Sunday, May 13, 2007

(un)Holy Land, Part 3

"Is that gunfire?"

Across our empty ice cream bowls we looked at each other. A faint popping noise could be heard in the streets. The room, filled with chattering families, hushed. I'd never heard gunfire outside the firing range, where even through ear plugs the sound was jarring; this noise was oddly muffled.

Pop. Pop pop.

Two Palestinian women ran to the low-set window and crouched to peer down onto the street. After a moment's reflection, they stood up, and shrugged their shoulders. Casually, a man gave me a look that expressed a sense of the routine, almost of complacency. He chuckled softly, seeing our faces. This, unfortunately, was just another day. Without any sense of emergency, the families packed up their belongings and went downstairs. We were told by the owner to stay upstairs for five minutes, and we readily agreed.

Our minds turned to our friends coming from Israel. Although we didn't know the circumstances surrounding the shooting, now probably wasn't the time for three Jewish kids to be crossing the border into the West Bank. It probably also wasn't the time for a bunch of American kids to be running around the streets of Ramallah. But our friends were already in transit, and we couldn't very well leave them to fend for themselves. Hammad told us to stay in the ice cream shop, while he went to find taxis to take us back to Deir Debwan.

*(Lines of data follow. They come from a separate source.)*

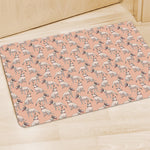 Orange Bull Terrier Pattern Print Polyester Doormat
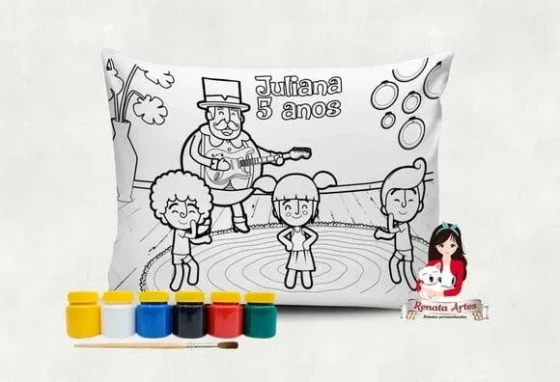 Almofada com Tinta para Colorir Mundo Bita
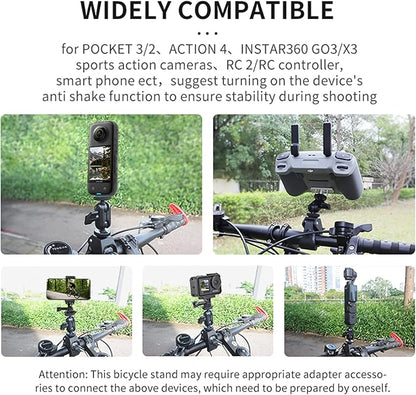 Action Camera Clamp Mount Bike Handlebar Mounts,Universal Compatible with DJI Pocket 3 /Action 5 Pro/Osomo 360, for Insta360 X5/X4 Series, Fit for Light/Other Sports Action Camera Clip Adapter Holder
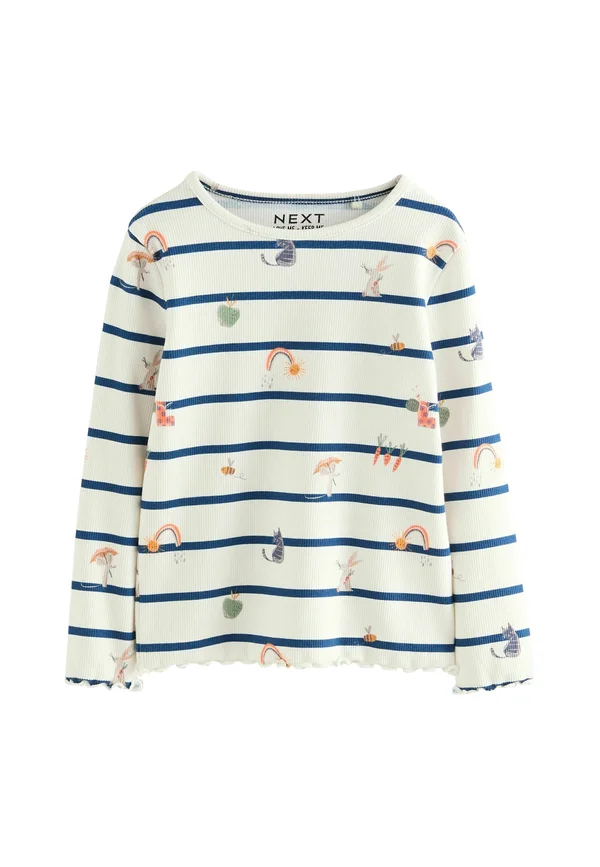 REGULAR FIT LONG SLEEVE - Langarmshirt - ecru navy stripe character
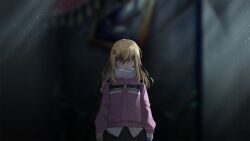 Rule 34 | 1girl, arms at sides, artist request, blonde hair, blurry, blurry background, breasts, chrono ark, collared shirt, expressionless, hair ornament, highres, jacket, jewelry, long hair, looking at viewer, lucy (chrono ark), necklace, non-web source, official art, pendant, pleated skirt, scarf, shaded face, shirt, shoes, skirt, small breasts, sneakers, standing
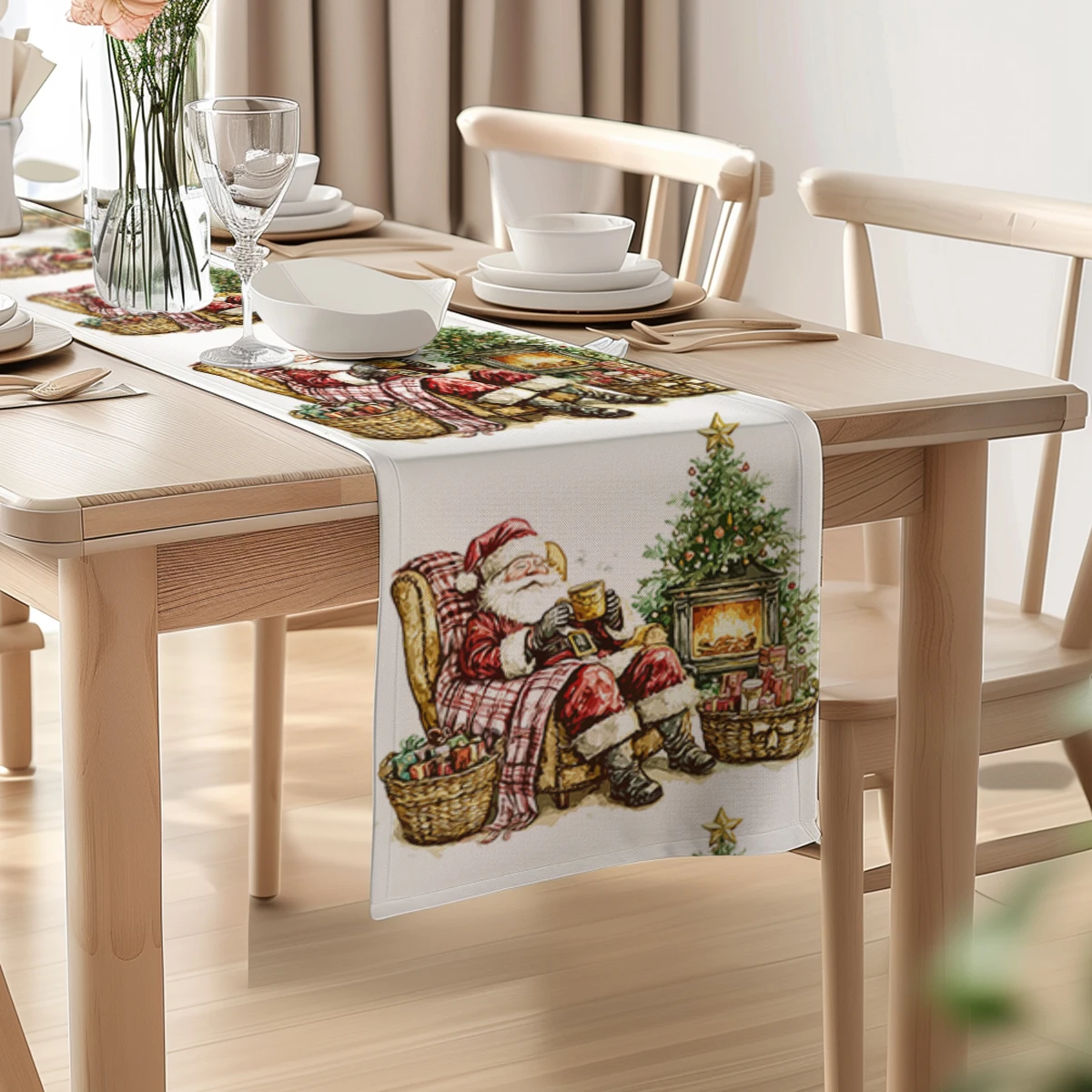 Christmas Watercolor Santa Table Runner Rustic Dining Table Decorations Table Runners for Wedding Party Coffee  Hotel Home Decor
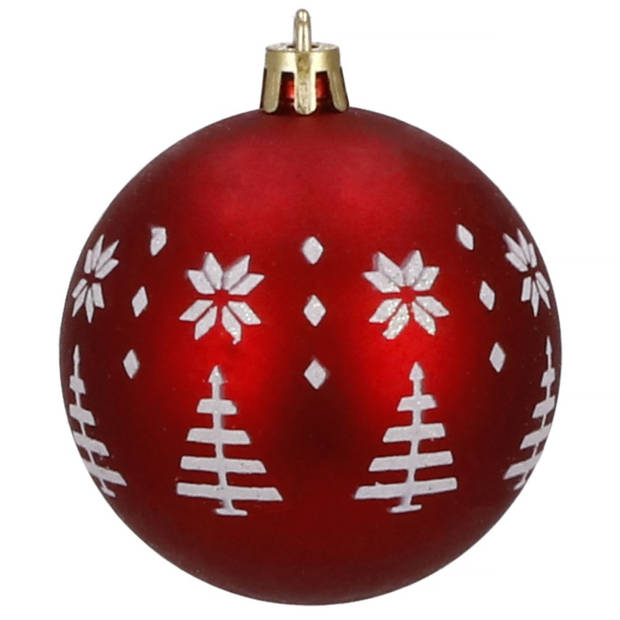 Kerstballen 30 Stuks 7 cm Rood/Wit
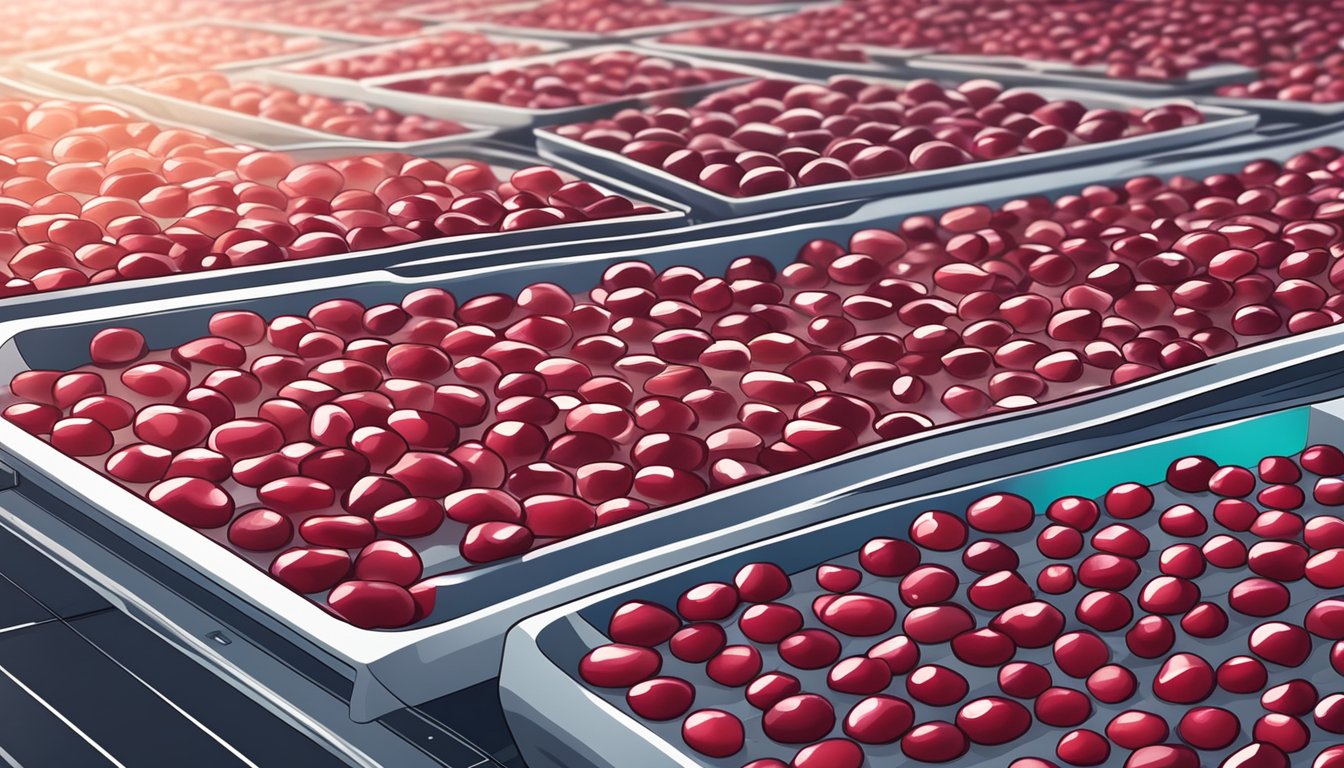 Frozen cranberries laid out on dehydrator trays, with the machine set to low heat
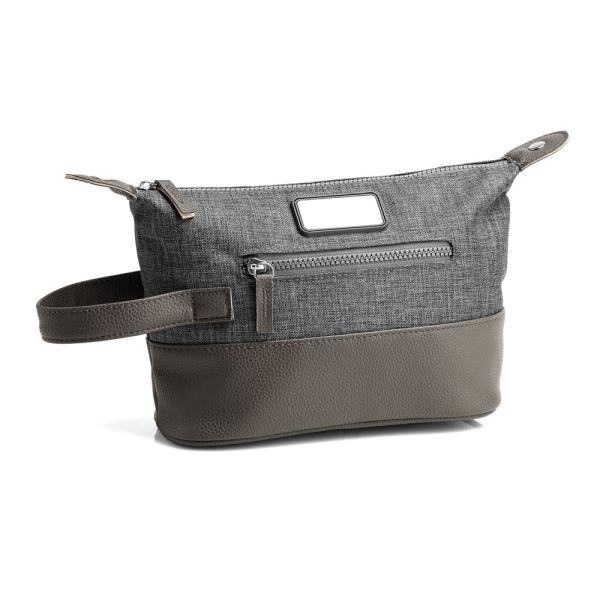 Necessaire em poliester 300d com detalhes em couro - cinza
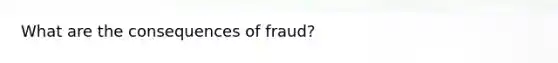 What are the consequences of fraud?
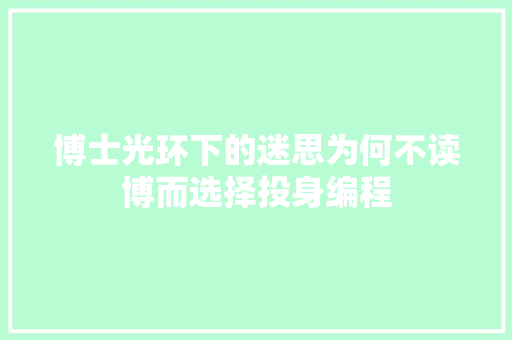 博士光环下的迷思为何不读博而选择投身编程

While we were waiting, we adopted the air of placidity that seemed to pervade the almost-empty shop. Just another night in Ramallah. Soon, the owner came up and told us that the gunfire had been from men firing into the air: a Palestinian had been killed nearby and all the shopkeepers were to close in solidarity. The gunfire was their warning system. We speculated on the cause of death: had it been a continuation of an argument we had seen earlier that night on the streets? Or was it simply an IDF-Palestinian scuffle?

After fifteen minutes, Hammad had not returned, and the shopkeepers were getting antsy. We were the only patrons left, and all the downstairs lights were off. If the men on the street saw the upstairs lights on, they would think the shop was not complying with custom. They wanted us to leave. "It is not dangerous on the streets for you. It is dangerous for us," one man explained, "to stay open." Sure, sure, but there was no way I was headed out to aimlessly wander the streets when men were shooting into the air. Bullets, you know, come down.

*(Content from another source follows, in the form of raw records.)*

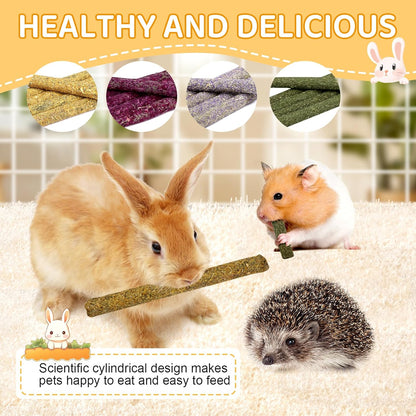 52Pcs Rabbit Chew Sticks, Guinea Pig Toys, Natural Timothy Grass Molar Teeth Stick, Mixing Flowers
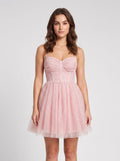 Petal Tulle A-Line Sweetheart Corset Back Short Dress with Ruched Bodice - Curvevia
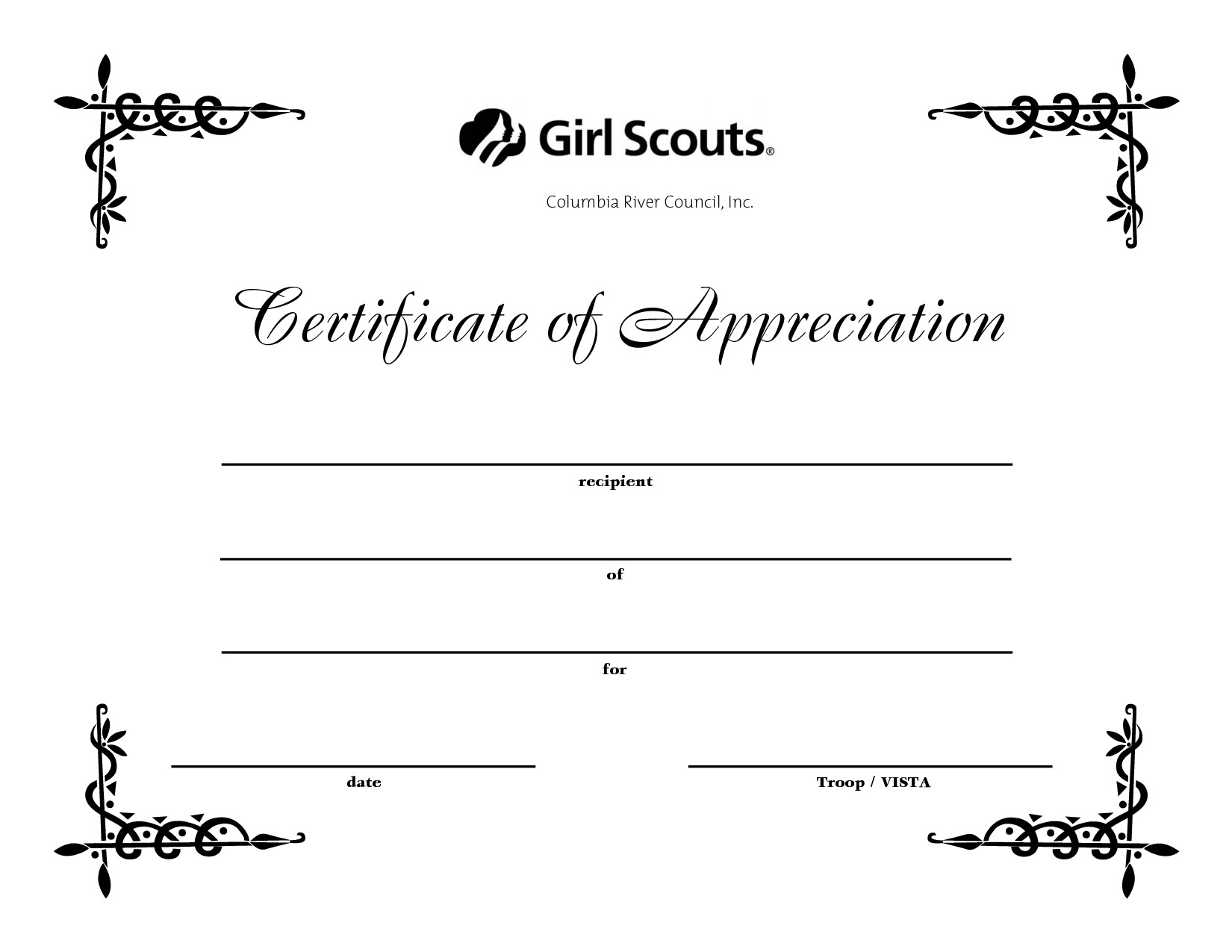 Thank You Certificates Of Appreciation Coloring Pages Free Girl Scout Certificate
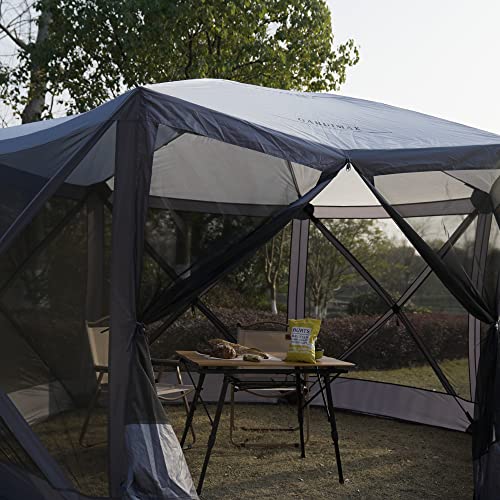Grey 12'x12' 6 Sided Pop Up Gazebo Screen House W850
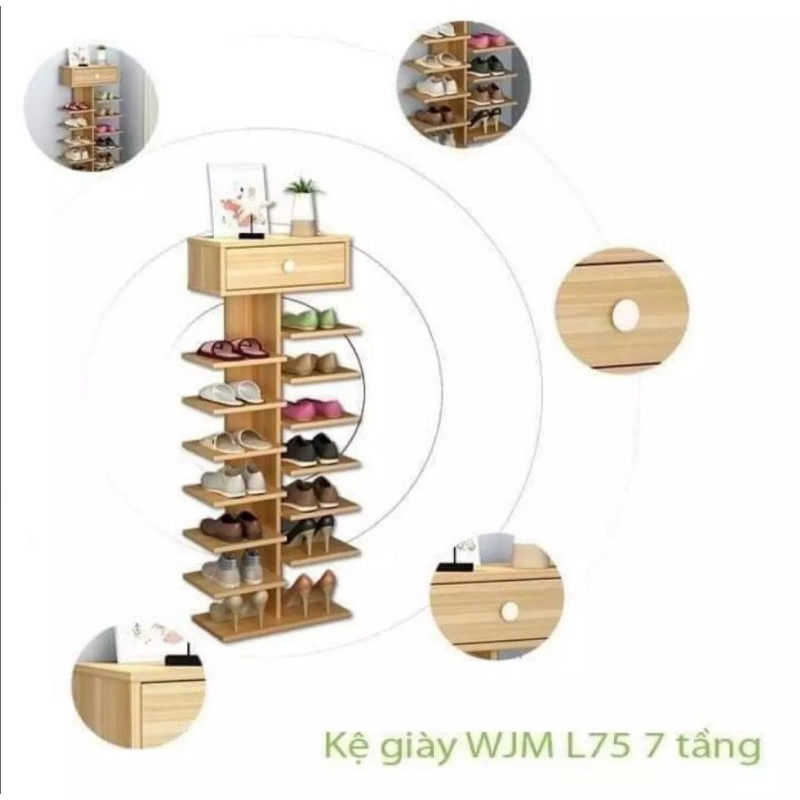 Kệ giá để giày 6 tầng 1 ngăn kéo. Kích thước: 120 x 44 x 20cm. Gỗ MDF phủ Melatium chống thấm cao cấp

We migrated downstairs, stalling. A metal door had been closed over the storefront, which the shopkeepers occasionally cracked open to watch the street. The mood was tense; they wanted us gone. While we were waiting, I asked one of them what had happened, and they told me it had been a fight about a stolen car, and someone had been killed.

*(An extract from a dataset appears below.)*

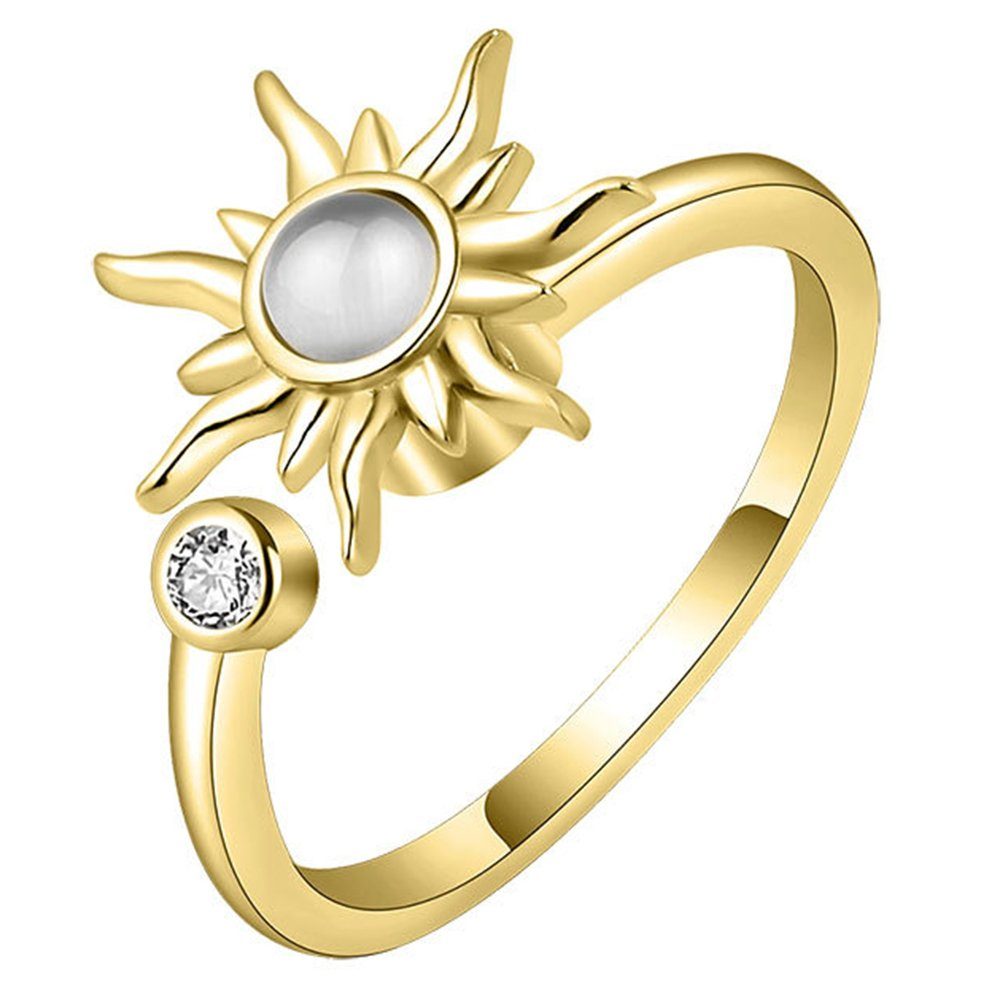 Haiaveng Fingerring 925 Sterling Silber für Damen Verstellbar Offene Angst Ringe, Spinner Anti Stress Ring gold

Without a way of contacting Hammad, we were stuck; eventually Carolina decided to call Hammad's uncle, who told us to wait five minutes and, if Hammad wasn't back, he would drive to Ramallah to come get us. Almost immediately after hanging up, they returned: Hammad and our three, bewildered friends from Israel. He had negotiated three taxis back to Deir Debwan at a steep price, but we were willing to pay almost anything to get out of there.

In a rush, we thanked the ice cream shop employees for staying open, and dashed across the dark street into our waiting taxis. Ramallah was dead, the streets were dark. Only a half an hour ago this had been a vibrant locus of downtown nightlife, and to my Western-trained mind, forcing a shutdown of a center of commerce in protest only exacerbates the economic troubles of the region. But so it was. And while the shops were closed, there were people on every corner, exhibiting the complacent mood I had seen earlier. I guess anything less than a full-on shootout is part and parcel of living in the West Bank, but for us, we were ready to leave.

We sped through the dark hills of Ramallah on the long road back to Deir Debwan. The moon cast a soft back light onto the mountains of the West Bank, barely visible as we plunged into the valley below the city. On the radio, strangely, Brooks & Dunn's Only in America hissed softly through the speakers:

Sun coming up over New York City
School bus driver in a traffic jam
Starin' at the faces in her rearview mirror
Looking at the promise of the Promised Land
One kid dreams of fame and fortune
One kid helps pay the rent
One could end up going to prison
One just might be president

Only in America
Dreaming in red, white and blue
Only in America
Where we dream as big as we want to

We dipped behind a mountain, on top of which sat a massive Israeli settlement.

The signal sputtered, and died.


-----

Hammad's uncle told us the version of the story he had heard: Hamas and Fatah factions had scuffled, and someone had been killed. Later I searched on Google News for information about the story, and found only this.

2 comments:

Anonymous said...

Sort of makes the Baskin & Robbins at Tigard Towne Square look like paradise!

On the other hand, I got caught in a shootout near Jack London Square in Oakland one Friday night when I was in law school. Within five minutes a number of pimps were driving by asking "Where's the shooting?" The Oakland police arrived several minutes after the pimps!

Anonymous said...

Hamas, Fatah and the Israeli army are mixing it up pretty good in Gaza today. Could the West Bank be next? Good thing you got out of Dodge.